Multidrug Resistance-Linked Gene Signature Predicts Overall Survival of Patients With Primary Ovarian Serous Carcinoma
Abstract
Purpose:
This study assesses the ability
of multidrug resistance (MDR)-associated gene expression patterns to
predict survival
in patients with newly diagnosed carcinoma of the
ovary. The scope of this research differs substantially from that of
previous
reports, as a very large set of genes was evaluated
whose expression has been shown to affect response to chemotherapy.
Experimental Design:
We applied a customized TaqMan
Low Density Array, a highly sensitive and specific assay, to study the
expression profiles of 380 MDR-linked genes in 80
tumor specimens collected at initial surgery to debulk primary serous
carcinoma.
The RNA expression profiles of these drug
resistance genes were correlated with clinical outcomes.
Results:
Leave-one-out cross-validation was used to
estimate the ability of MDR gene expression to predict survival.
Although
gene expression alone does not predict overall
survival (P=0.06), four covariates (age, stage, CA125 level and surgical
debulking)
do (P=0.03).
When gene expression was added to the
covariates, we found an 11-gene signature that provides a major
improvement
in overall survival prediction (log-rank statistic P
less than 0.003).
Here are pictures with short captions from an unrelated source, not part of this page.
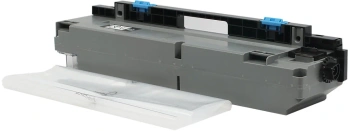 Бункера отработки тонера/чернил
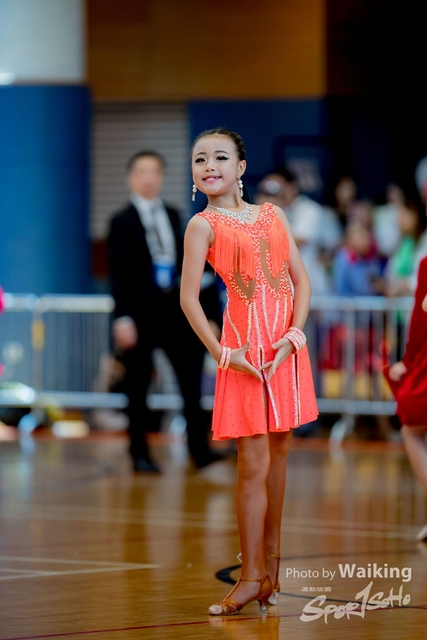 2019-09-07 Dance 0223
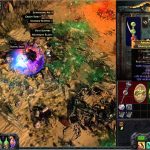 United States Map Template Free Save United States Regions Map   Free Printable Recovery Games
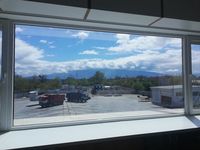 брандиране на витрини - 30571 бестселъри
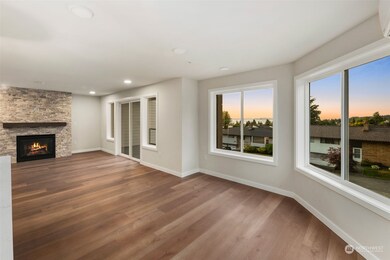 554 Paradise Ln unit C202, Edmonds, WA 98020 - photo 6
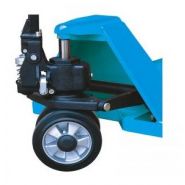 CA20S - Transpalette manuel économique - I-Lift - 2000 kg - robuste et fiable_1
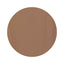 【No Top Function】Para Polish Color Gel B015 Mocha Brown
The predictive power of this 11-gene signature was
confirmed by dividing high and low risk patient
groups, as defined by their clinical covariates, into four specific risk
groups
based on expression levels.
Conclusion:
This study reveals an 11-gene signature
that allows a more precise prognosis for patients with serous cancer of
the ovary treated with carboplatin- and
paclitaxel-based therapy. These 11 new targets offer opportunities for
new therapies
to improve clinical outcome in ovarian cancer.